> On Mar 22, 2022, at 12:00 AM, Carsten Bormann <c...@tzi.org> wrote:
> 
> Now, there is also API compatibility — can you upgrade the COSE library 
> without upgrading the using application.
> 
> I’d like to ask those who are proposing kid => int / bytes: are the two kid 
> name spaces disjoint (so you need an API extension, too), or is an integer 
> kid just a way to express the same kid as was already possible to express 
> using a byte string kid.  Another way to say the latter is that all kids are 
> byte strings and the integer representation is just a compressed way to 
> express such a byte string.  Obviously, the latter way to interpret kids is 
> slightly less efficient, because there are now two ways to express certain 
> kids.  But the change is also local, i.e. you can do it in your library 
> without changing anything else.
> 
> If we go for the latter, we will want to make sure that in particular the 
> integers -24..23 map to useful byte strings and v.v.  Note that there is no 
> need to make these byte strings short; e.g., a decimal representation (‘-24’ 
> to ‘-1’ and ‘0' to ’23’ in CBOR DN), or maybe an octal one (’50’ to ’77’ and 
> ’00’ to ’27’) would work well.  We don’t even need to support integers 
> outside -24..23.

From an API and implementation point of view, I like that int key IDs are just 
another way of putting the bytes on the wire.
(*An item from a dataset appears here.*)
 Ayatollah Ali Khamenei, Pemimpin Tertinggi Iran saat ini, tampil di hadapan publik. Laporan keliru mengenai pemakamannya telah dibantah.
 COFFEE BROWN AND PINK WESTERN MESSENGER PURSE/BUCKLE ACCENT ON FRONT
Seems like we could just say that single byte kid value 0x01 can be encoded as 
bstr h’01’ or as integer 01. Allow this only for single byte kids in a range. 
Implementations error out for integers that can’t map to a single byte kid.

This keeps the COSE API, SW stack above and key databases the same, a byte 
string, no matter what encoding is used to convey.